娘を置いて死ぬわけには…「お父さんは、君のことが好きだったよ」
伝えたいこと㊦
悪性リンパ腫になり、1年余り前に余命半年、と告げられた加治川健司さん。一人娘、風花さんへのメッセージとしてYouTubeに投稿した動画は、100本を超える。
昨年の春、花見に出かけた時の場面では、風花さんの誕生を待ちわびた頃を懐かしんだ。自由なイメージを象徴して「風」、靖子さんが好きな「花」をあわせて名付けたことを伝えている。
〈お母さんのお腹が破れちゃうんじゃないかと心配になるくらい動きまわってました〉と、幸福な気持ちを反芻(はんすう)した。
昨年7月。風花さんの夏休みを前にした日の動画。
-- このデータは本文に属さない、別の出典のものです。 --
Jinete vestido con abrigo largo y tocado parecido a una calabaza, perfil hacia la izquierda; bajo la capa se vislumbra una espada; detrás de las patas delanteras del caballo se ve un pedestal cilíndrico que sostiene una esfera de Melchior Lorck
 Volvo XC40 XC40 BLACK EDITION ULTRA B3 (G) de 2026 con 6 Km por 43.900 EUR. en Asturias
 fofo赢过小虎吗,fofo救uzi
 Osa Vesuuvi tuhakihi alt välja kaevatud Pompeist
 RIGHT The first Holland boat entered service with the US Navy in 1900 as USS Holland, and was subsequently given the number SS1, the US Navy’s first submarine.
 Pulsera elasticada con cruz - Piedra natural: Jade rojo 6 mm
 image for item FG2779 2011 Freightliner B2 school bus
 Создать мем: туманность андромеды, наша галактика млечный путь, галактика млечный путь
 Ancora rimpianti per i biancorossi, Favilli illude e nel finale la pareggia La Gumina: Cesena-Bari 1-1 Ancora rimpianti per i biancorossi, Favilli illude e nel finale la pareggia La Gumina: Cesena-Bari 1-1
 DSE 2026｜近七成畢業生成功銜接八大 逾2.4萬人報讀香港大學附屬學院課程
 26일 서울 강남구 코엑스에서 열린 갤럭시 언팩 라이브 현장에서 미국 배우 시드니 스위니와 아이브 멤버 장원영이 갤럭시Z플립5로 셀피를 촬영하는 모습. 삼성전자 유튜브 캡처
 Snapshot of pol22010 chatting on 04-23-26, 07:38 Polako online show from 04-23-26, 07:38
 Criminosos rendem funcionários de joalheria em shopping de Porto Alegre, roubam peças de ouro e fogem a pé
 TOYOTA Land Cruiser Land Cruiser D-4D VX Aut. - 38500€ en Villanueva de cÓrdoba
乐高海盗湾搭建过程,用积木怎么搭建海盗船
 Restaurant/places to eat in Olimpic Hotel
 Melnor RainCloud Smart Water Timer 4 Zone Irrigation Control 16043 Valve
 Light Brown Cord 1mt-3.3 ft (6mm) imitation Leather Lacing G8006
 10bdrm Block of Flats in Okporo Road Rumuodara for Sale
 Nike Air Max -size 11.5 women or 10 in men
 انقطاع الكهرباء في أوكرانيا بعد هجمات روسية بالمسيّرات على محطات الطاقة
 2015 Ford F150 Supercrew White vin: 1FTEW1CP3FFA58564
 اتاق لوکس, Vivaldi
父子はかき氷で乾杯をした。
それは1歳2カ月の頃。加治川さんは初めて夏祭りに連れて出かけた日を回想した。風花さんは甚兵衛さんを着せられて、ごきげんだった。その時買ったアンパンマンのキャラクター「ドキンちゃん」のお面は、今も大切にしまっている。
夏祭りか、と父は想像する。年頃になって彼氏ができたら……。男の子と一緒に祭りに出かけた娘の帰りを待ち、「遅いじゃないか」とやきもきする。そんな場面に思いをはせ、そこにいるはずもないのだ、と胸が締め付けられる。
「悲壮感も絶望感もないことに驚いた」
四季折々、盛りだくさんの動画だ。そこに込めた思いはまとめられ、『お父さんは、君のことが好きだったよ。』(扶桑社)というタイトルで今年2月、出版された。編集を担当した樋口淳さん(52)は言う。
「厳しい病状なのに、悲壮感も絶望感もないことに驚きました。家族を思い、ともに過ごす時間が何よりのお薬になっているのだと思います。だから死を見つめても、いまこの時を大切にする、という日々が過ごせているのでしょう。同世代の人間として、自然体で、そういう生き方ができる人の姿を伝えたかった」
結節性リンパ球優位型ホジキンリンパ腫。悪性リンパ腫の一種として、長い病名が告げられたのは、2019年6月のことだった。
その2年ほど前、左足の小指を失う事故に遭い、斜面で踏ん張りが利かなくなっている。林業の仕事は諦め、一念発起して介護職に転じた。
親の介護を視野に、島根から東京へ、家族で移り住むことにした。それからまもなく、風花さんが小学生になった年の夏。首にしこりができた。検査の結果、発症を知る。